Source data:
··········

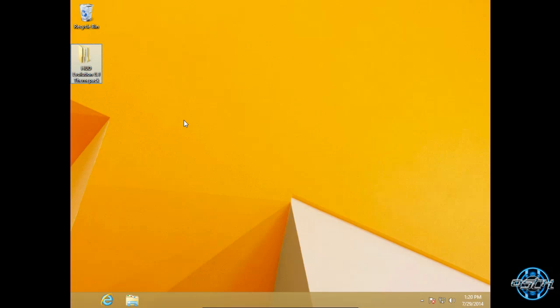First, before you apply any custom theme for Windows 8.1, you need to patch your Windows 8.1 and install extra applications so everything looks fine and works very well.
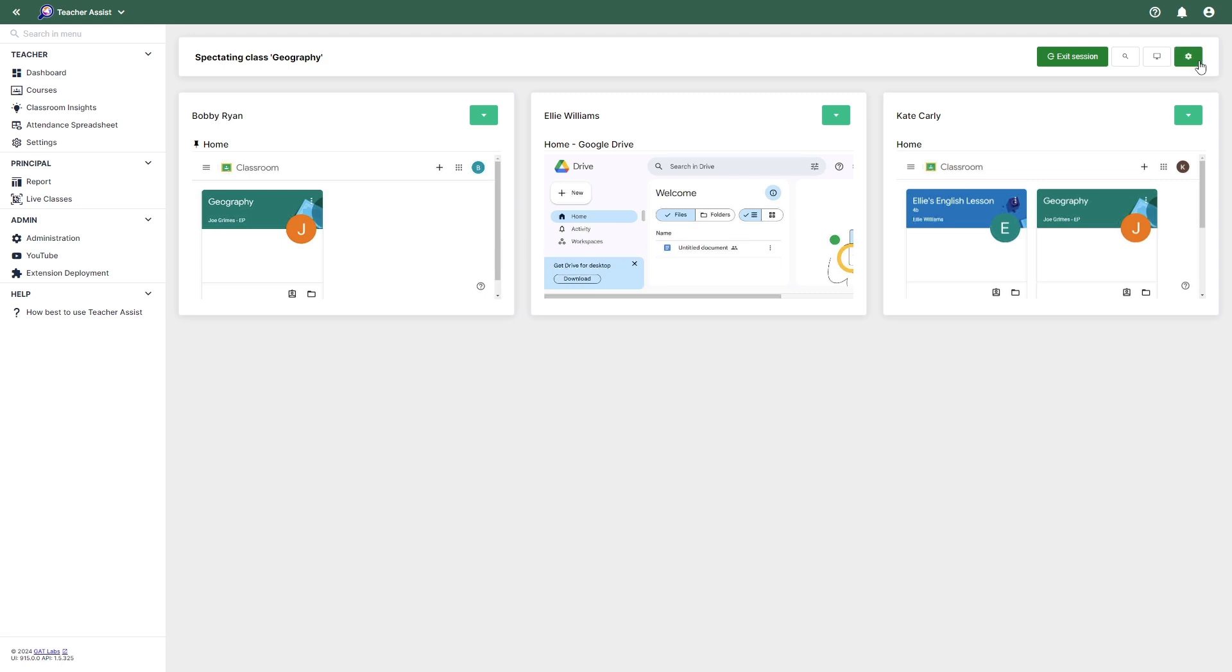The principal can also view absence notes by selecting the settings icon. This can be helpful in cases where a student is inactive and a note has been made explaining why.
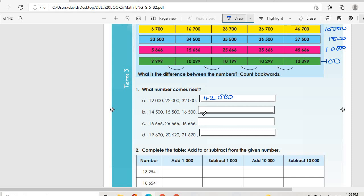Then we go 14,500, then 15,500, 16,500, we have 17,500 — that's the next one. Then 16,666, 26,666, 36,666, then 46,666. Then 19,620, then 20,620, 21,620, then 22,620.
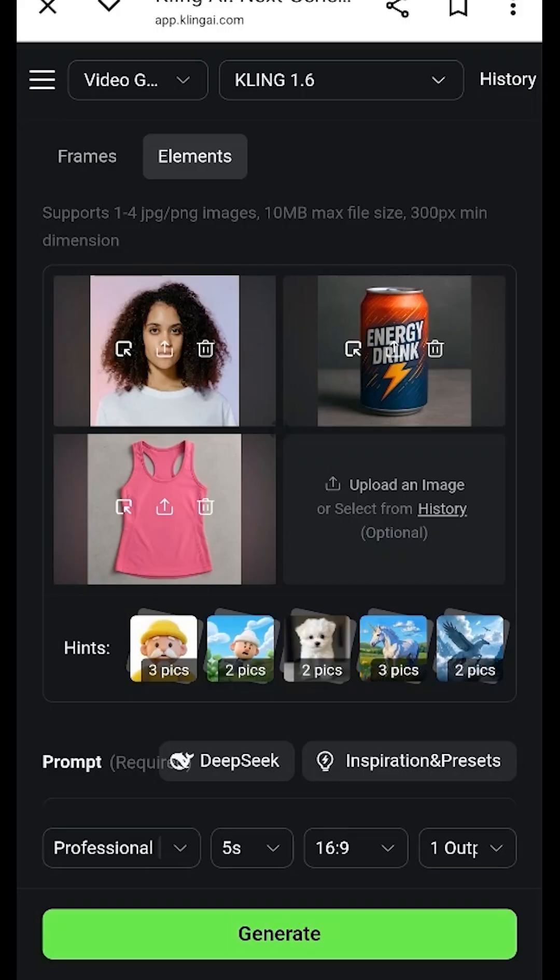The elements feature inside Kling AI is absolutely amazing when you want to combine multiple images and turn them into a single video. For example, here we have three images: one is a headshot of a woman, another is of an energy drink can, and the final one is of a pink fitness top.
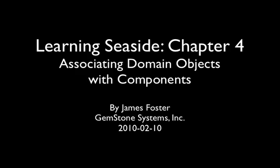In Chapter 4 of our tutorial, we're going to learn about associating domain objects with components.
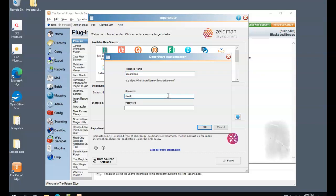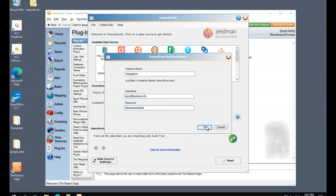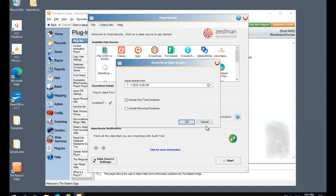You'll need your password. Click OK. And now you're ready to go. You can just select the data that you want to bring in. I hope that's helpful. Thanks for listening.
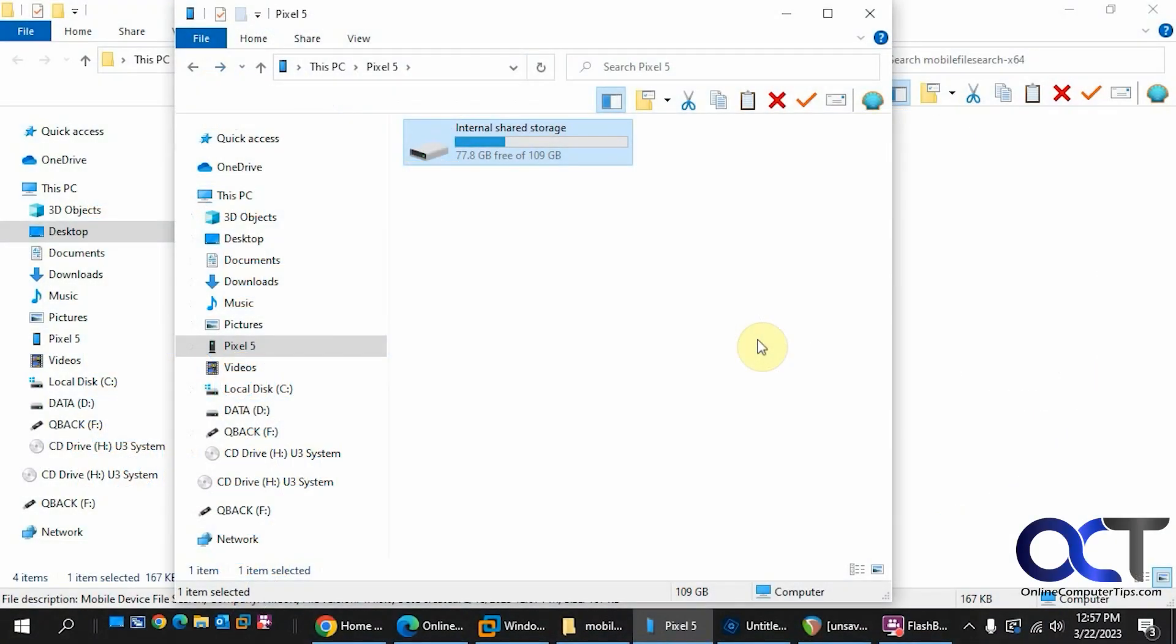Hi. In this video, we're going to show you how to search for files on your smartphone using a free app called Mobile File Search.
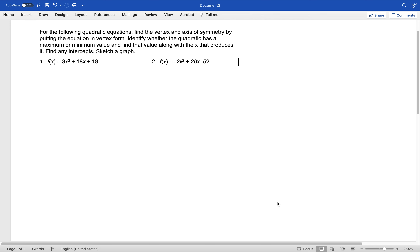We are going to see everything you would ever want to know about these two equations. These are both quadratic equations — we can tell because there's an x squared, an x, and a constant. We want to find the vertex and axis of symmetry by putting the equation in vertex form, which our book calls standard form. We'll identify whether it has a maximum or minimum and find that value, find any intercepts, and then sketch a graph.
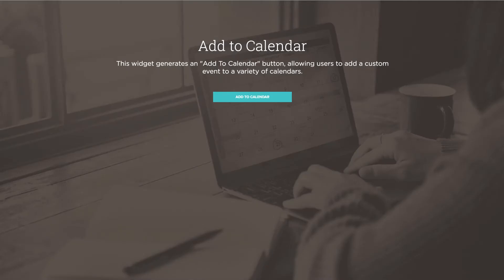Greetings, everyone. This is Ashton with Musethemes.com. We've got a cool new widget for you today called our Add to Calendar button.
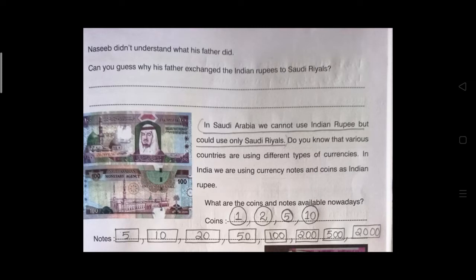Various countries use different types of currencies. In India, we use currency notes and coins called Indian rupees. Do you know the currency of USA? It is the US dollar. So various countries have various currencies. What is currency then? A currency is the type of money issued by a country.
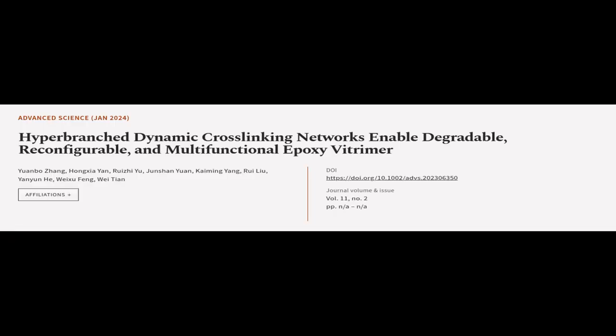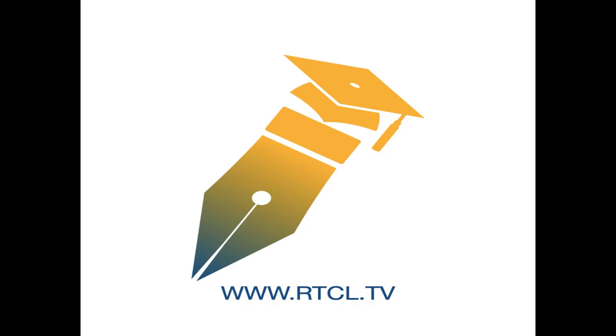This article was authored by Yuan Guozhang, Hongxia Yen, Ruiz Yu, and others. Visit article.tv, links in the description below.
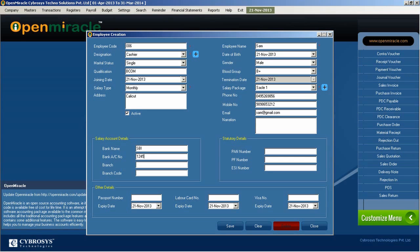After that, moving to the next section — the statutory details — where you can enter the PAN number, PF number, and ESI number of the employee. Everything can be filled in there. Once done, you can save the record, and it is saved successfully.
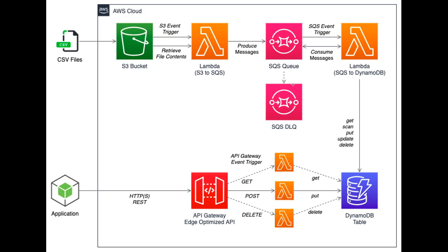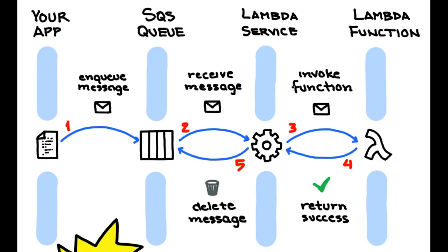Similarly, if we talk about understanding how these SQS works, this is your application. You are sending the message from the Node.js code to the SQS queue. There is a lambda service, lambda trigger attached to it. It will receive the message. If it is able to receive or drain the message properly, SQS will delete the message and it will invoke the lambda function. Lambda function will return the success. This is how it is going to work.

··········

If the records contain pictures, skip them, and transcribe exactly every line from the one with "This article was" through the last line.

[EXPECTED ANSWER]
This article was authored by Yuan Guozhang, Hongxia Yen, Ruiz Yu, and others. Visit article.tv, links in the description below.
After that, moving to the next section — the statutory details — where you can enter the PAN number, PF number, and ESI number of the employee. Everything can be filled in there. Once done, you can save the record, and it is saved successfully.
Similarly, if we talk about understanding how these SQS works, this is your application. You are sending the message from the Node.js code to the SQS queue. There is a lambda service, lambda trigger attached to it. It will receive the message. If it is able to receive or drain the message properly, SQS will delete the message and it will invoke the lambda function. Lambda function will return the success. This is how it is going to work.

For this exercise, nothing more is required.